I think the movie is really about sense of self. Nikita spends all this time doing the most brutal thing one can do to another human being and is forced to live another life in which she is just ordinary and seemingly lovely. The view is aware of her Jekyll and Hyde scenario and witnesses how well she manages to hide one and unveil the other. When Victor becomes involved however, she appears to have reached her breaking point and loses her unruffled demeanor in a matter of minutes. She is finally able to live her life as she would like to; without puppet strings.

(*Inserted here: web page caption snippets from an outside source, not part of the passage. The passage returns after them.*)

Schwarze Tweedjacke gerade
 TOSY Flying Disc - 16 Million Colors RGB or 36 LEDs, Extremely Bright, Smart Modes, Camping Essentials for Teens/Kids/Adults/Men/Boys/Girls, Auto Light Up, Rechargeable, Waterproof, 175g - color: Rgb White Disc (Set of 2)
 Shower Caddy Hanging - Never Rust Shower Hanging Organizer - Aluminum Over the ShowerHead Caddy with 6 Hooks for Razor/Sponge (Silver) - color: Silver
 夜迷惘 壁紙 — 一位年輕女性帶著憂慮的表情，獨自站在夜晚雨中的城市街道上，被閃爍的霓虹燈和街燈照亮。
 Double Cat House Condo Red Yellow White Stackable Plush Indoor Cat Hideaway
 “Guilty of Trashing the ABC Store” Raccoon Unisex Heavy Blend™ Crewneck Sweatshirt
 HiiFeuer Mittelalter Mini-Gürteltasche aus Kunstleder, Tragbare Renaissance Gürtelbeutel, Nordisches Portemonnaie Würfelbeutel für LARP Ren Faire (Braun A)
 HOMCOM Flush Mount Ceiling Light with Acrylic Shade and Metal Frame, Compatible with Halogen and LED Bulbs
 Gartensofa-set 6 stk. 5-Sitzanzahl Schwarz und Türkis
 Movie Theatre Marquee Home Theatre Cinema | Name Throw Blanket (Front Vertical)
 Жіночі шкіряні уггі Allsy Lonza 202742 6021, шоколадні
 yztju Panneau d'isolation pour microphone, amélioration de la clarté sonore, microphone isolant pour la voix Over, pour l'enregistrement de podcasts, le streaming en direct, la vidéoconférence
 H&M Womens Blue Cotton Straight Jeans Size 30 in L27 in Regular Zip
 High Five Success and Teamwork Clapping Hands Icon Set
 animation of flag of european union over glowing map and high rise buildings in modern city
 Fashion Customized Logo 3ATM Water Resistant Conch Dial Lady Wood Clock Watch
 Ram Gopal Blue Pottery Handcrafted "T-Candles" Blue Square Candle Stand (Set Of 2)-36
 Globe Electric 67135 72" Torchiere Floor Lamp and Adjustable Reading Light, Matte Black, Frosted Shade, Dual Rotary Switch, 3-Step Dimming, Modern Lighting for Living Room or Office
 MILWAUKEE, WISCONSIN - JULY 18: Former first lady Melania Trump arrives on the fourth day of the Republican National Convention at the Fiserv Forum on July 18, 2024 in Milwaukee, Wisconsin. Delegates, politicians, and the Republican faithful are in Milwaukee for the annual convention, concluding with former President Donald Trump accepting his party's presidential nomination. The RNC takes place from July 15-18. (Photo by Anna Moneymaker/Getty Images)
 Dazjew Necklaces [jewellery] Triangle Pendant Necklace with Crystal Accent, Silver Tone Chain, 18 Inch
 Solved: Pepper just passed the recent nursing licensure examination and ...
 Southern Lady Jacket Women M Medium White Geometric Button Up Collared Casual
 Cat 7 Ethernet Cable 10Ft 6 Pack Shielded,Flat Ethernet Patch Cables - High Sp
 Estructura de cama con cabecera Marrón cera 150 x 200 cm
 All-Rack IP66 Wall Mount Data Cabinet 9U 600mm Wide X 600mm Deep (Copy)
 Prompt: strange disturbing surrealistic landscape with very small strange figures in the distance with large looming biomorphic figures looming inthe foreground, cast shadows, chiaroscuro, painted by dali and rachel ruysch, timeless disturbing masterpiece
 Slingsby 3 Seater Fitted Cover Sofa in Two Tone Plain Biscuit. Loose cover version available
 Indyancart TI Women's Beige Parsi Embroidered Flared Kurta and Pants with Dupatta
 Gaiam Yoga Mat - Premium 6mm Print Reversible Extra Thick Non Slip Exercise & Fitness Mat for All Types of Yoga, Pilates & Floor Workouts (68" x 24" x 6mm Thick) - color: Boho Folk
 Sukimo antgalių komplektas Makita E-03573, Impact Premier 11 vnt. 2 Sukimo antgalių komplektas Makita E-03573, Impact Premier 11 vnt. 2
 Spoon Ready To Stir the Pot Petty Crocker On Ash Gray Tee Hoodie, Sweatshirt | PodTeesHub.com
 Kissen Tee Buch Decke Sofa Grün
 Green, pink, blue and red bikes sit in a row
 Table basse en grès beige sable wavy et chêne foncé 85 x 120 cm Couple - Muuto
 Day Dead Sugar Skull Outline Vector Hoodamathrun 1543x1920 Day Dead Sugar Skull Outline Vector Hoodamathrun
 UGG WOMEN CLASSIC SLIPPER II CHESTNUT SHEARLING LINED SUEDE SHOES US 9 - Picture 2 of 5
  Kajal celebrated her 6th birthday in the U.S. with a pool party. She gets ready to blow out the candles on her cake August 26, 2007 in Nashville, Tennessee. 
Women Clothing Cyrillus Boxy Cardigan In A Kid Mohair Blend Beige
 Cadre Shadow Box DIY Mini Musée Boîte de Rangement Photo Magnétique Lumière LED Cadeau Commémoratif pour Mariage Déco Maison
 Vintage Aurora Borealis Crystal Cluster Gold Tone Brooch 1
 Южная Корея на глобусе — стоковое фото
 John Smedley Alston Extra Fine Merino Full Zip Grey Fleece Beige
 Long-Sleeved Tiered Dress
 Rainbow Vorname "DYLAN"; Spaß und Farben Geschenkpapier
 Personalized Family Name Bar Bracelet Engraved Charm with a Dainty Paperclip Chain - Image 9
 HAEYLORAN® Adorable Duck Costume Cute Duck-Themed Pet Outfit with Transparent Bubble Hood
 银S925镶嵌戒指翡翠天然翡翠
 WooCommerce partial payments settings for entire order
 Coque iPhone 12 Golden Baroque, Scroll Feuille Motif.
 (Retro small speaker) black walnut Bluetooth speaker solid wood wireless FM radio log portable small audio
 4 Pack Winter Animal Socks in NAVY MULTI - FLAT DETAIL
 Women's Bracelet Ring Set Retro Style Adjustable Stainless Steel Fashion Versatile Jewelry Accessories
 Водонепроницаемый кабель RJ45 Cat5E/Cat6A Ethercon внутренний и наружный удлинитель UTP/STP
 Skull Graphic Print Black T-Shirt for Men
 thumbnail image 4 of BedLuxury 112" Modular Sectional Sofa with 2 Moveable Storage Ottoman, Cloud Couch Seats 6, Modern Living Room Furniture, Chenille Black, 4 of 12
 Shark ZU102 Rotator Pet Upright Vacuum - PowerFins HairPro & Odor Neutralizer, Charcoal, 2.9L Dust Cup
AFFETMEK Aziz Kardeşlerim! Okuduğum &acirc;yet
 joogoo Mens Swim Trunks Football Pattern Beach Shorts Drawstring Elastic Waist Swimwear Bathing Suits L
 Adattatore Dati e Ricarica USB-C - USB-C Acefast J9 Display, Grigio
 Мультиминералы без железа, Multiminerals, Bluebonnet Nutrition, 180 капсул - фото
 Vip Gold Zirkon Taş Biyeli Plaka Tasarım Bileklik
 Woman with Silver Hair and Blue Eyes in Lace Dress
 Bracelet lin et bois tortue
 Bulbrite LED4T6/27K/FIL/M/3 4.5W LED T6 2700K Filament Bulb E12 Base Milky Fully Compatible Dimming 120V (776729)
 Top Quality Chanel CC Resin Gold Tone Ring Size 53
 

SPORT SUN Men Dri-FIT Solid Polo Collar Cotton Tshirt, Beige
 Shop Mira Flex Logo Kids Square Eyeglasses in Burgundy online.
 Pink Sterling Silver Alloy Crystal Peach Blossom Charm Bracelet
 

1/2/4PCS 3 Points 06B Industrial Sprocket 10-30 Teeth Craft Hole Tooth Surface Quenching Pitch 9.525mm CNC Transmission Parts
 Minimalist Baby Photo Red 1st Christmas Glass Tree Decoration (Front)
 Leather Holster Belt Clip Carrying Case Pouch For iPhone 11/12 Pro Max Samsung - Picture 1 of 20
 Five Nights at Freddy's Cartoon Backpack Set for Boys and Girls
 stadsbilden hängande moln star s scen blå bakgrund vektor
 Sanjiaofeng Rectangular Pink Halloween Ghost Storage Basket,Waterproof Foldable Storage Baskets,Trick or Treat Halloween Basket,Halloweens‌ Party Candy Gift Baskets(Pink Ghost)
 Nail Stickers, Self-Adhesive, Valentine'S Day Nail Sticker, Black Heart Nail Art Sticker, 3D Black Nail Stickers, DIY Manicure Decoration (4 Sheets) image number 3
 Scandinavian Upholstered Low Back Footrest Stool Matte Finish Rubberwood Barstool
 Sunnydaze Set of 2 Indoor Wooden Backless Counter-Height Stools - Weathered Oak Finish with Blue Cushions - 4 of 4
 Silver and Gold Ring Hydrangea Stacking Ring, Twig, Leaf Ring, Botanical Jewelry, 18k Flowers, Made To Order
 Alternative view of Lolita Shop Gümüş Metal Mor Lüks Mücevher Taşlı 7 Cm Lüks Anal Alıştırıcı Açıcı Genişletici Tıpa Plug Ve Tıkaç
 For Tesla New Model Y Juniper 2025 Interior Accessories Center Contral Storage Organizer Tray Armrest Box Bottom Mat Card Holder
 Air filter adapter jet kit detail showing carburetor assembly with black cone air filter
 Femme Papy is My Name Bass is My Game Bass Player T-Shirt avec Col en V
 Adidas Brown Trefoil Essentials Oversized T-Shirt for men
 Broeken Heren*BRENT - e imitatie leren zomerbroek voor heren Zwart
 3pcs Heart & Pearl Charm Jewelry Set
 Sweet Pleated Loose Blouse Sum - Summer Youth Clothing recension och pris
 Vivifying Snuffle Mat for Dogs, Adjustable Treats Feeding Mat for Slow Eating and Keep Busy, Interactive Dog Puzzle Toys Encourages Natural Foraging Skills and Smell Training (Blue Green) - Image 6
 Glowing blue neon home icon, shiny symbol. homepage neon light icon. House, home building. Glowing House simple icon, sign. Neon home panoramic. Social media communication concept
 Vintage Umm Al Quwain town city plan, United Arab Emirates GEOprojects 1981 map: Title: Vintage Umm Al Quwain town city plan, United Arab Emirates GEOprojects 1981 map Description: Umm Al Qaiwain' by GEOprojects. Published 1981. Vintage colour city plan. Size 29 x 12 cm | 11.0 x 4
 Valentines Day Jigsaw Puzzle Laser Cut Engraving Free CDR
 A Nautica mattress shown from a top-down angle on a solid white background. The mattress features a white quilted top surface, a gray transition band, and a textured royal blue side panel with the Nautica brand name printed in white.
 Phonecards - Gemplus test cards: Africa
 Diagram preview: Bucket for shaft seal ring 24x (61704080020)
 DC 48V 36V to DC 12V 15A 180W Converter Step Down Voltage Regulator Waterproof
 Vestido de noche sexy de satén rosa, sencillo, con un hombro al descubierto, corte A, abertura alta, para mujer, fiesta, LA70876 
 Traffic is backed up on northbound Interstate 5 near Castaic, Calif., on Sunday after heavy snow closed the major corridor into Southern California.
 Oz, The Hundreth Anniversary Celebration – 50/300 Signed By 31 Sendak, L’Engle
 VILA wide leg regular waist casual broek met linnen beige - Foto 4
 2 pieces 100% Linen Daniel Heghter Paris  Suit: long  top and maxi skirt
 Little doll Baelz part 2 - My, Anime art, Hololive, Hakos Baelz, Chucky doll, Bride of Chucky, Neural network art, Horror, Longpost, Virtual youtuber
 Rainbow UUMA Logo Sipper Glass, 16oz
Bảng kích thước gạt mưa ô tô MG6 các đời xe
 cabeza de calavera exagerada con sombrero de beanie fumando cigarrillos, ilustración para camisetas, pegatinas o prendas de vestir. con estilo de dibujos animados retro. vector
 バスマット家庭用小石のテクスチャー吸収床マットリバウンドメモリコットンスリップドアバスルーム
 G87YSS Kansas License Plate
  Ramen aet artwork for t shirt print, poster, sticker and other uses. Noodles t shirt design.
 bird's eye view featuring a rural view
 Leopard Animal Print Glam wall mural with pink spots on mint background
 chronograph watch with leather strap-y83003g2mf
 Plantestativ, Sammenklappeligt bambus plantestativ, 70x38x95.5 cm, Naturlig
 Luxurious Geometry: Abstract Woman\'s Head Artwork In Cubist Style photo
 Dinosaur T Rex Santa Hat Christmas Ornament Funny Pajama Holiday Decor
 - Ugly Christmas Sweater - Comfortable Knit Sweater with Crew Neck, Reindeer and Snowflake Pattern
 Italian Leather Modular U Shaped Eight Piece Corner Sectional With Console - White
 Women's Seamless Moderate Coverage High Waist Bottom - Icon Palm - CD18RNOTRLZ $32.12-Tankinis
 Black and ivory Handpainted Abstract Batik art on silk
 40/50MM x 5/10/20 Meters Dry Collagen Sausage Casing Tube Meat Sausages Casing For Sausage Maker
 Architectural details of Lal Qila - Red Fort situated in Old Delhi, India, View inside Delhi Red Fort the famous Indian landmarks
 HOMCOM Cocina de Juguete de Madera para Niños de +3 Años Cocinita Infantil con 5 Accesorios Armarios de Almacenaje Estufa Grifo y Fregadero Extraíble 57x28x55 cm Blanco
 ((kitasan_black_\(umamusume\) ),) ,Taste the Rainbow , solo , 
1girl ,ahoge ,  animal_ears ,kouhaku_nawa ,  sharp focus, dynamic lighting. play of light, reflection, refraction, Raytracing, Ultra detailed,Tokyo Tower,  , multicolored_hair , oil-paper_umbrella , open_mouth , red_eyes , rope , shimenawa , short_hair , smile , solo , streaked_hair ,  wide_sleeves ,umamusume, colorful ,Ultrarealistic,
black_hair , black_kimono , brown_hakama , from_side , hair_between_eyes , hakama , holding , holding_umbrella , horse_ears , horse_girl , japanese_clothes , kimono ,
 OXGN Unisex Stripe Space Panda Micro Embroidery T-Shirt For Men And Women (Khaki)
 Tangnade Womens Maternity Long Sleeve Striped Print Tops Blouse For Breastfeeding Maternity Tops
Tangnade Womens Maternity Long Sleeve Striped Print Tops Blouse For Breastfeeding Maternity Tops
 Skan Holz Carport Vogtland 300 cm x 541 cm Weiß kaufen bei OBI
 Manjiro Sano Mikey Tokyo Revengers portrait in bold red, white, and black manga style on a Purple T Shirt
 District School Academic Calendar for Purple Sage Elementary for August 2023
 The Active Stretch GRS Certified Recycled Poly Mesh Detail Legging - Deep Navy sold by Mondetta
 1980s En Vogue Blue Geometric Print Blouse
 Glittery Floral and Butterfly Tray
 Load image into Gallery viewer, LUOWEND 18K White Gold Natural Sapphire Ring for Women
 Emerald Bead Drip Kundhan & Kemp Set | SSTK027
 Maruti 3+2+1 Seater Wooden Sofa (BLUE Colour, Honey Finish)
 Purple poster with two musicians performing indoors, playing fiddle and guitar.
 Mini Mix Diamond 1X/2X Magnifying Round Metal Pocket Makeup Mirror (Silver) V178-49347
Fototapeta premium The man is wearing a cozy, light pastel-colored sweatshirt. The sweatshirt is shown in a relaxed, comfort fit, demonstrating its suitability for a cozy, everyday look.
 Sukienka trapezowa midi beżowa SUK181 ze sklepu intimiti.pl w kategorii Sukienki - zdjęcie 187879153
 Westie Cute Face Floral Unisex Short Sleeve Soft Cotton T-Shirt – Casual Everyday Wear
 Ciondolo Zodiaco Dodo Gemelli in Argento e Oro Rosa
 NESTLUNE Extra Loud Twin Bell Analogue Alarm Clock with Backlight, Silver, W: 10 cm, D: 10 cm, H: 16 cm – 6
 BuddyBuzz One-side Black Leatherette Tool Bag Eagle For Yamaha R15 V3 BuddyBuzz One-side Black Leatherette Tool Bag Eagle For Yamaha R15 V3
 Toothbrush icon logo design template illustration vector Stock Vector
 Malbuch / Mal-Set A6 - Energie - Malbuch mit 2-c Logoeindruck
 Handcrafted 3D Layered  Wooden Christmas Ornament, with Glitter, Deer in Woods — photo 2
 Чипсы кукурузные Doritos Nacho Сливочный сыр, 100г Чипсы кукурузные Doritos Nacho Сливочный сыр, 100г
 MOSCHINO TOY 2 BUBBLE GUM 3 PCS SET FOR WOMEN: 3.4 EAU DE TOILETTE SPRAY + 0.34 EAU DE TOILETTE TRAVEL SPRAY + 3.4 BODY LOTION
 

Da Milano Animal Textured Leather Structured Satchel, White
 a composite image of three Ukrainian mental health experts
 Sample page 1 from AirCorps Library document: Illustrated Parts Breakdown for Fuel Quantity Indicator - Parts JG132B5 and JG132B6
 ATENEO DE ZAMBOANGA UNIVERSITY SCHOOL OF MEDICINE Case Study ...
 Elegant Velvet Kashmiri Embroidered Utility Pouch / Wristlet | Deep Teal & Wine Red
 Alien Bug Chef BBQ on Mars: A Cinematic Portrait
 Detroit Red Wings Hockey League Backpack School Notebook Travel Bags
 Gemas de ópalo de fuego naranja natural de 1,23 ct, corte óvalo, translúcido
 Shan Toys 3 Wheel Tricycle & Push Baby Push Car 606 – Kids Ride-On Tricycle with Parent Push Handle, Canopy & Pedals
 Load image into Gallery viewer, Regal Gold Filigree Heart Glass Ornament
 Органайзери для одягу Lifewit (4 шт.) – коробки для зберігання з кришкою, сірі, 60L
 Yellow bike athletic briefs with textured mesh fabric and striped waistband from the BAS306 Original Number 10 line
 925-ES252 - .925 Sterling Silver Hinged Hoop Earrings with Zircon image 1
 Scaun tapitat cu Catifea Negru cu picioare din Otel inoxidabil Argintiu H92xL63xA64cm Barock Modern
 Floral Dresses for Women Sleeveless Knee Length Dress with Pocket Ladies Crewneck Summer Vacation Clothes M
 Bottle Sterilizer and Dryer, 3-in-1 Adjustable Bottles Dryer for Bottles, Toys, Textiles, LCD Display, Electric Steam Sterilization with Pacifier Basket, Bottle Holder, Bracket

I thought the movie was very good. However, I think it could have been shortened. The dialogue was very good and I liked the poetry that was hidden in the plainest discourse between characters. Especially from the handler. It was definitely better than the American version and I’m not just saying that because the original > remake but because I honestly think the French did a nicer job overall: acting, cinematography, content and music.